Kissing the tarmac after deboarding a turbulent flight. Encouraging a friend who is prone to daydreams to return both feet to the ground. Even unconsciously pressing your heels to the floor in the midst of a heated debate. These impulses are prompted by our belief that the Earth beneath our feet is, for the most part, sturdy and immoveable, a solid place to stand.
“When you think of rock a mile underground, you think of something immobile, something solid. Kick it as hard as you can, it isn’t going anywhere,” said Tim Kneafsey, a staff earth scientist at Lawrence Berkeley National Laboratory (LBNL). “But — just as there are dozens of different kinds of rain, from a sprinkle or a drizzle to a thunderstorm — there are gradations of seismicity. Quakes in the earth aren’t always a horrible disaster. The ground is constantly being stressed, compacted and expanded in ways so small you can’t feel them, but measuring and locating the microseismicity teaches us about rock behavior.”

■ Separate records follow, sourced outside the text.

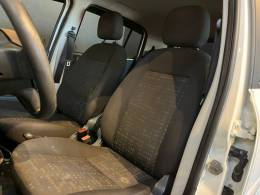 FIAT - UNO - 2015/2016 - Branca - R$ 39.900,00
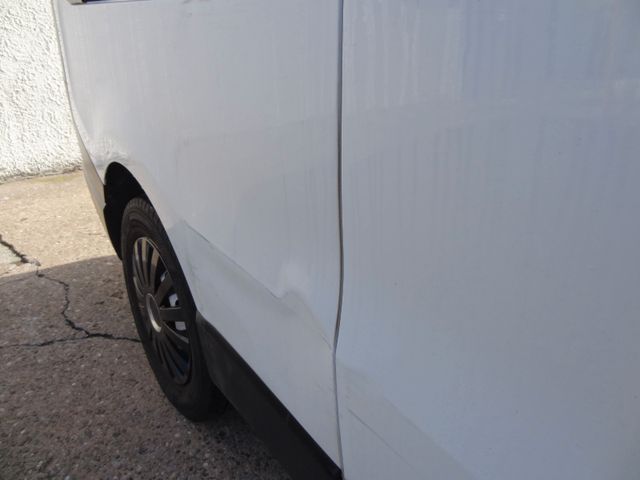 Fahrzeugabbildung Renault Trafic Kasten L2H2 3,0t Hochdach3-Sitzer/Klima/1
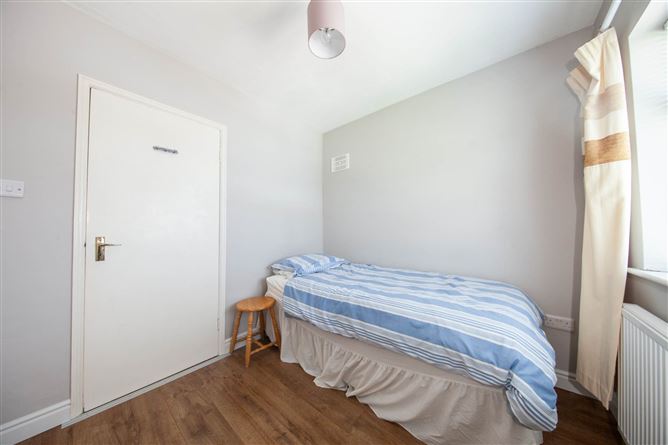 Photo 20 of 26 — 38 Elm Mount Park, Beaumont, Dublin 9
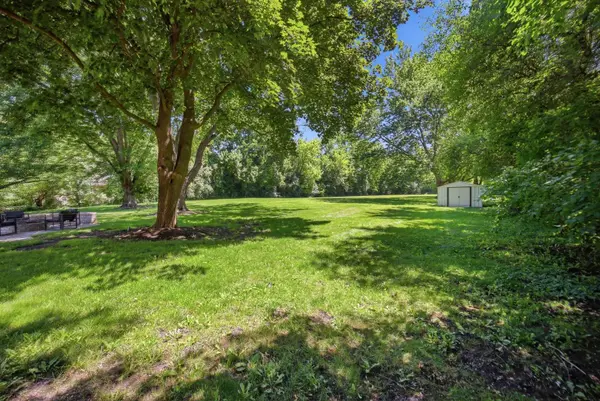 75 Ela RD, Inverness, IL 60067
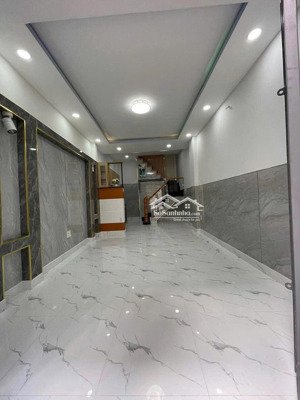 hạ chào sâu tận 200tr , cực gấp bán nhà 1 trệt 1 lầu q chỉ 1.1 tỷ ( còn thương lượng )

As principal investigator for the Enhanced Geothermal Systems Collab Project (EGS Collab), Kneafsey’s job is to scrutinize every such quiver, shift and murmur in the team’s research testbed on the 4100 Level of Sanford Underground Research Facility (Sanford Lab). These minute movements help researchers unlock the immense potential of geothermal energy.
Pathways through the rock
In an ideal geothermal system, two wells are connected by an extensive network of small fractures. This network allows water to pass from one well to another, heating up as it flows over the rock’s exposed surface area. But such extensive networks can be difficult to come by.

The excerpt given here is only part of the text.